## Task to complete
Omit the pictures and output exactly the lines from the start of the entries through the line containing "Make sure to".

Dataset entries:
============================================================

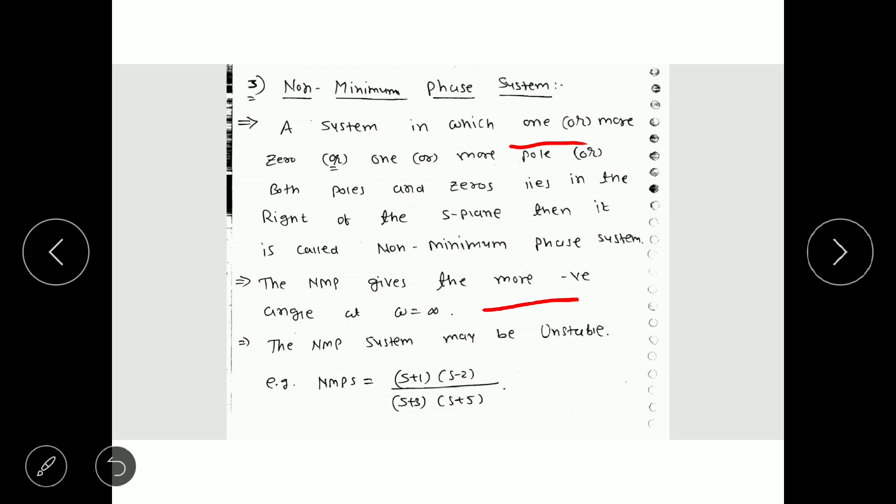The non-minimum phase system gives a more negative phase angle at omega equal to infinity, and the non-minimum phase system may be unstable — but it may be stable also. If a system has at least one zero in the right half of the s-plane but all poles are in the left half, it will be non-minimum phase but still stable. For other cases, if at least one pole lies in the right half of the s-plane, the system will be unstable.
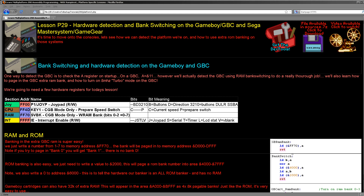Hello, it's Keith here, and this is lesson 29 of the platform specific series of my Z80 programming tutorials. We've been looking over the last few weeks at hardware detection and bank switching on various systems. Today we're going to look at the last systems for a while on that subject: the Game Boy, the Game Boy Color, the Master System, and the Game Gear. We will be coming back to this topic later for more obscure systems, but for now this concludes this part of the series.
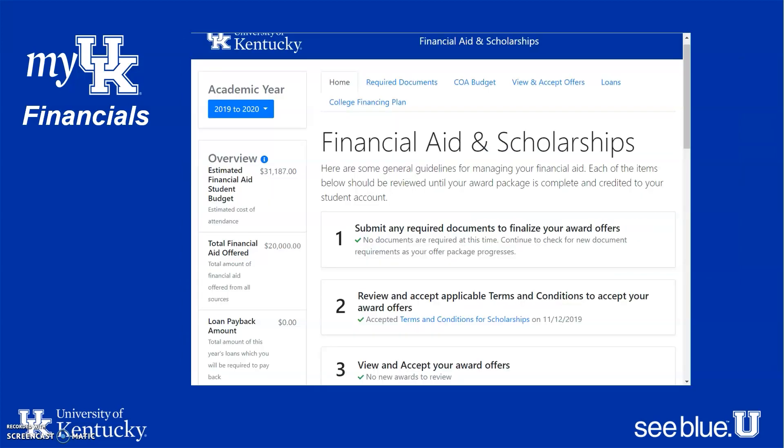Make sure to check your financial aid information. You can see how much financial aid you've been offered, the estimated student budget, and estimated cost of attendance. This is a good planning tool as you're looking ahead. Just make sure everything's in line for your financial aid and scholarship situation as you get ready to come to UK in the fall. If you have any questions, reach out to our financial aid office — they are always happy to help.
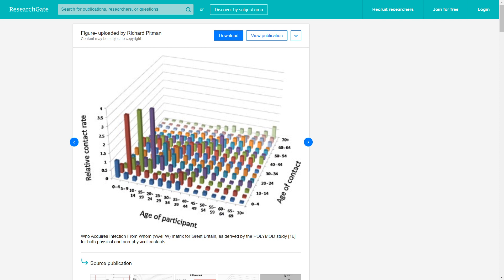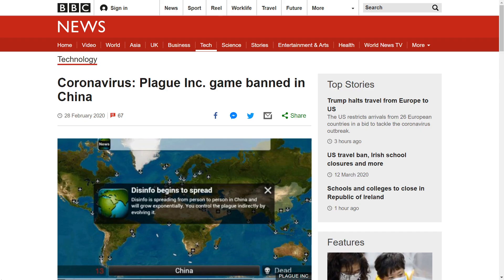Check out the resources in the video description for more information. We can also try and model populations at the global scale instead of picking a certain country, and then we can see what the effects of closing airports and seaports can have. These are only a few suggestions to improve the model, and there are many more ways that we can probably think of.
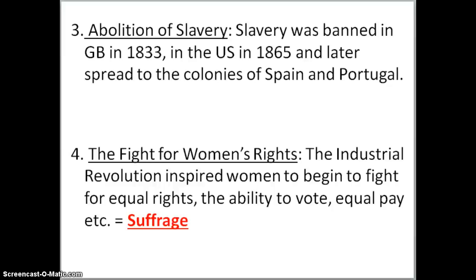The abolition of slavery later spread to the colonies of Spain and Portugal. The last topic we need to know is the fight for women's rights. The Industrial Revolution inspired women to begin fighting for equal rights — including their ability to vote, which we know as suffrage, and equal pay.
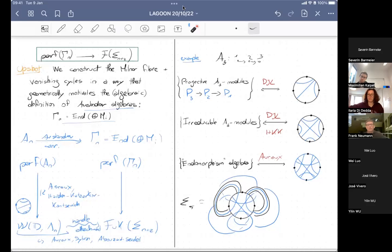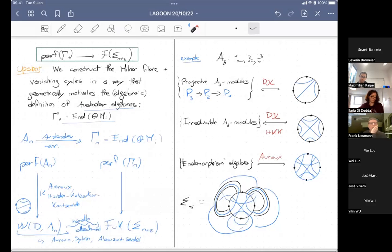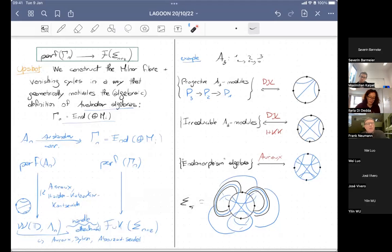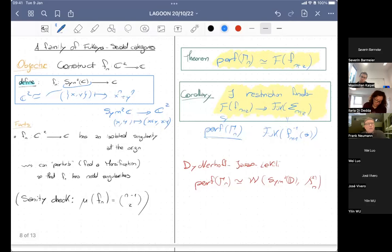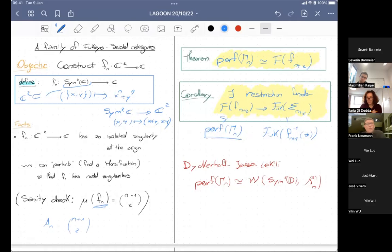The shift by two in the indexing has a combinatorial reason: by Gabriel's theorem, AN has (n+1) choose 2 isomorphism classes of irreducible modules, while the map Fn has (n−1) choose 2 singularities, so adjusting n by 2 makes these counts match.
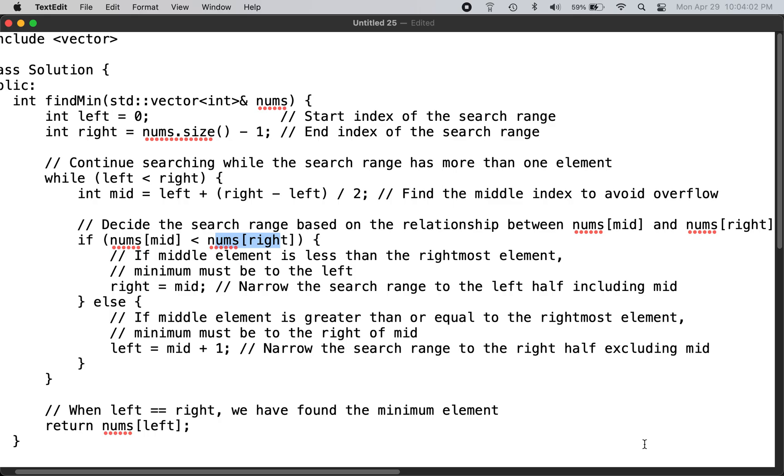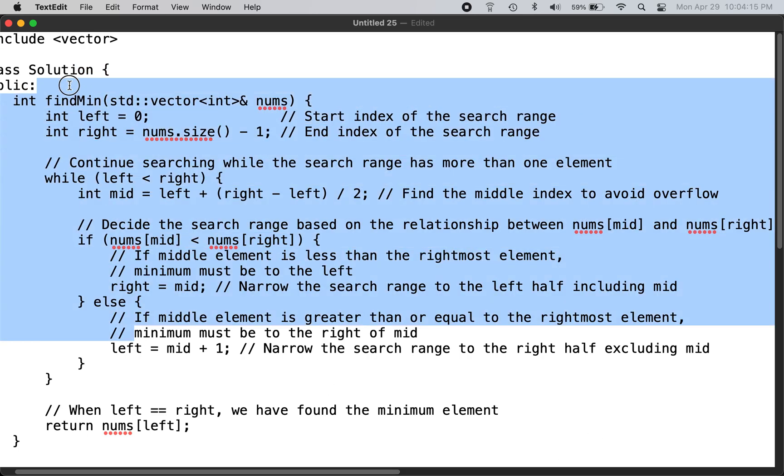This is the C++ solution to LeetCode problem number 153, finding minimum in a sorted rotated array. You can check the LeetCode website for the problem and description. This is the function which accomplishes that requirement.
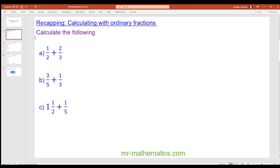Hello and welcome to our second lesson on working with algebraic fractions. Today we're going to be adding and subtracting with algebraic fractions. We're going to begin with some numerical examples and then we'll move on to more complicated examples later.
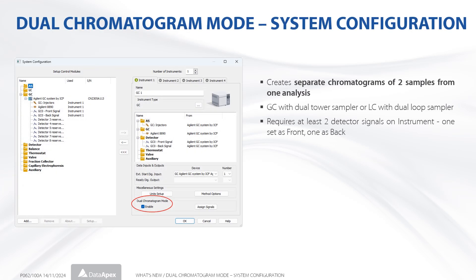The dual chromatogram mode enables use of chromatographs processing two samples simultaneously — a GC with dual tower sampler or LC with dual loop sampler. Each analysis will produce two separate chromatograms. It can be enabled using the checkbox in the dual chromatogram mode section of the system configuration dialog.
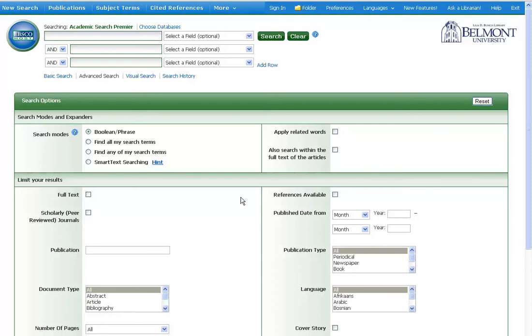Searching using Boolean operators is not that complicated. In fact, you probably already do it in your day-to-day searching around the web. Basically, it is just using the search connectors and, or, and not in order to broaden or narrow your search.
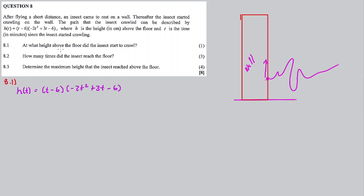8.1: At what height above the floor did the insect start to crawl? The insect started at a random point just above the floor. What is the distance from the floor to the point where the insect started crawling on the wall?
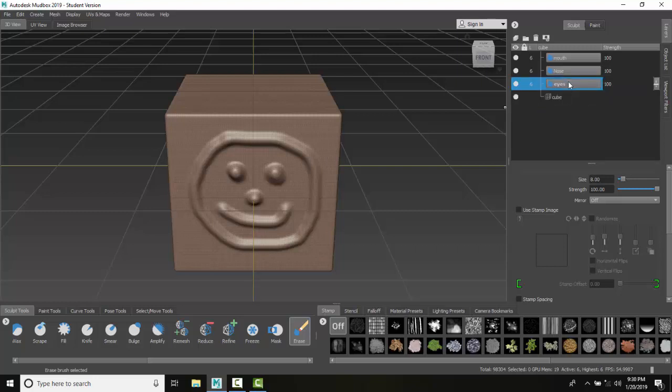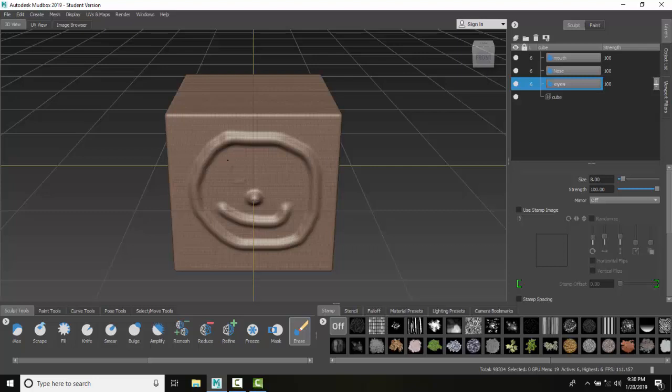If I go up and click on the eyes and now click on erase, I can erase the eyes and it doesn't affect the original mesh. It just affects the parts that have been altered.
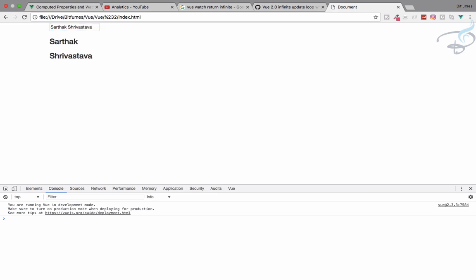Computed properties, methods, and watch properties are very important things in Vue. I think you are getting Vue very quickly. If you have any problems, feel free to comment. You can find various series on the Bitfumes channel in the description below. We have lots of content coming soon including projects related to Laravel, Vue, and other things. Don't forget to subscribe and like Bitfumes on Facebook, Twitter and Instagram. We will meet in the next episode with more awesome things about Vue. Goodbye!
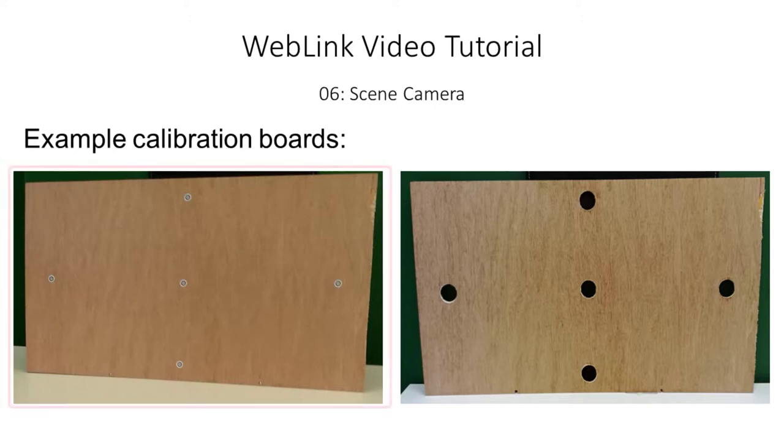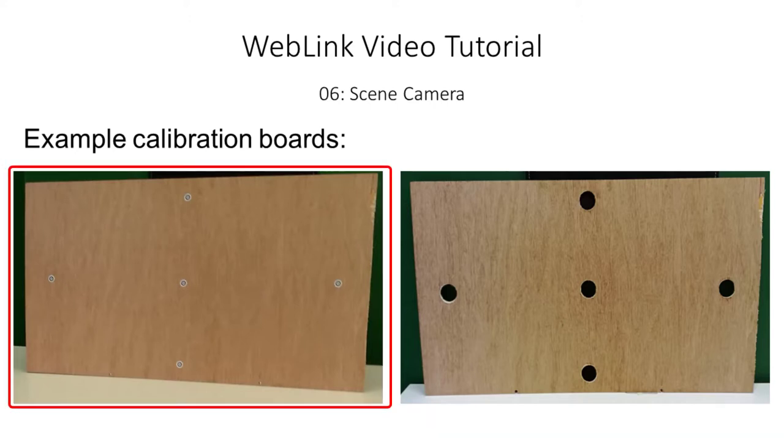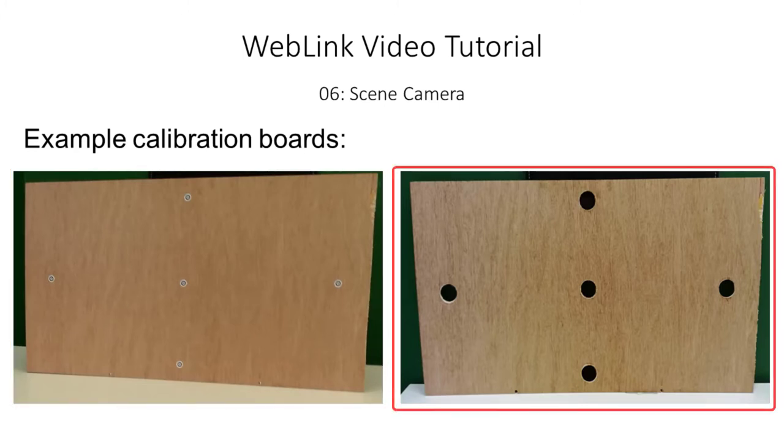For older children or adult participants you can just mark the calibration target locations with stickers. For infants it can help to cut holes in the board through which you can wave toys or lights to capture the infant's attention. You could also wave toys over the stickers.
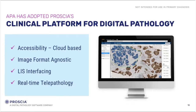I'm talking to you today because APA has adopted Procia's clinical platform for digital pathology, and we've been using it for a while now and we love it. One of the features of the clinical pathology platform is its accessibility — it's cloud-based. So now I can have my pathologist dial in and look at any image from our practice as long as they have internet access, so they don't have to come into a central point. It can be done from where they sit and work.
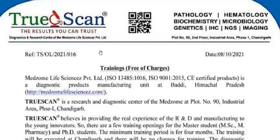TrueScan is an institute where training is provided in pathology, hematology, biochemistry, microbiology, genetics, and all related subjects. This is a training institute where you get 4 months of training, and this is free of any charge.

============================================================

## Exercise solution
The non-minimum phase system gives a more negative phase angle at omega equal to infinity, and the non-minimum phase system may be unstable — but it may be stable also. If a system has at least one zero in the right half of the s-plane but all poles are in the left half, it will be non-minimum phase but still stable. For other cases, if at least one pole lies in the right half of the s-plane, the system will be unstable.
Hello, it's Keith here, and this is lesson 29 of the platform specific series of my Z80 programming tutorials. We've been looking over the last few weeks at hardware detection and bank switching on various systems. Today we're going to look at the last systems for a while on that subject: the Game Boy, the Game Boy Color, the Master System, and the Game Gear. We will be coming back to this topic later for more obscure systems, but for now this concludes this part of the series.
Make sure to check your financial aid information. You can see how much financial aid you've been offered, the estimated student budget, and estimated cost of attendance. This is a good planning tool as you're looking ahead. Just make sure everything's in line for your financial aid and scholarship situation as you get ready to come to UK in the fall. If you have any questions, reach out to our financial aid office — they are always happy to help.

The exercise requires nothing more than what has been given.